Does ORT-Web's pinned op allowlist cover every operator the fork's ONNX models emit? Audit required before Tier 3 work starts. Per-model checklist: dump the graph (onnx.checker / Netron), cross-reference each OpType against ORT-Web's operators page for the pinned release.
Can simde's AVX2 shim drive the fork's AVX-512 paths? AVX-512 → WASM-SIMD requires lane-doubling (256 bits → two 128-bit ops); simde supports this but the perf cliff vs native AVX-512 is steep. Tier 2 likely targets the AVX2-equivalent path only.
What is the realistic perf floor? Empirical benchmark must follow Tier 1 ship; numbers depend on browser + CPU + frame size in ways no doc can predict.
Memory64 browser shipping status at consume time. Verify per browser at the point Tier 1 ships; if Memory64 is not yet Baseline, the ADR's 4 GB cap warning stays in docs/usage/.

ADR-0332 — the decision.
CLAUDE.md §12 r10 — project-wide doc rule.

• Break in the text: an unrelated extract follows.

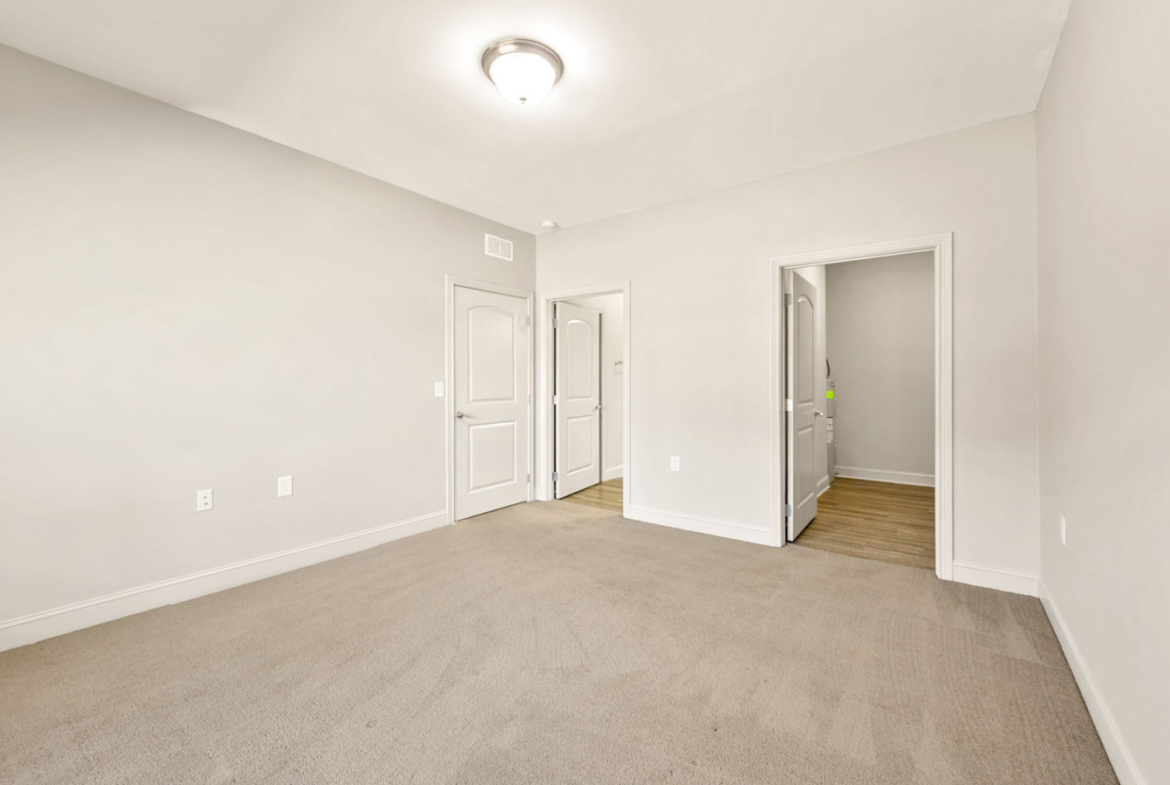 garvin pointe 1 bed 1 bath - bedroom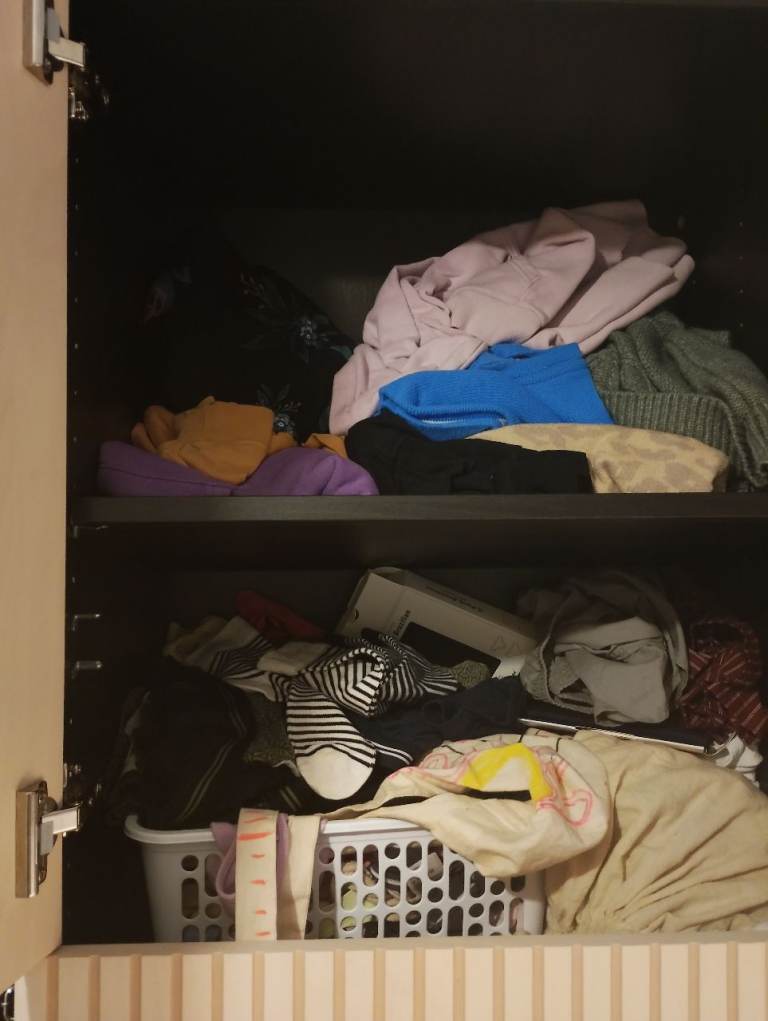 Storage cupboard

CLAUDE.md §9 — snapshot regeneration policy (the WASM build will need its own snapshot file under testdata/scores_wasm_*.json).
Memory feedback_golden_gate_cpu_only — the Netflix golden gate is CPU-native only; WASM joins the GPU/SIMD class of "close but not bit-identical".
Memory feedback_no_guessing — every Emscripten / WASM-SIMD / ORT-Web claim above cites a primary source URL with access date.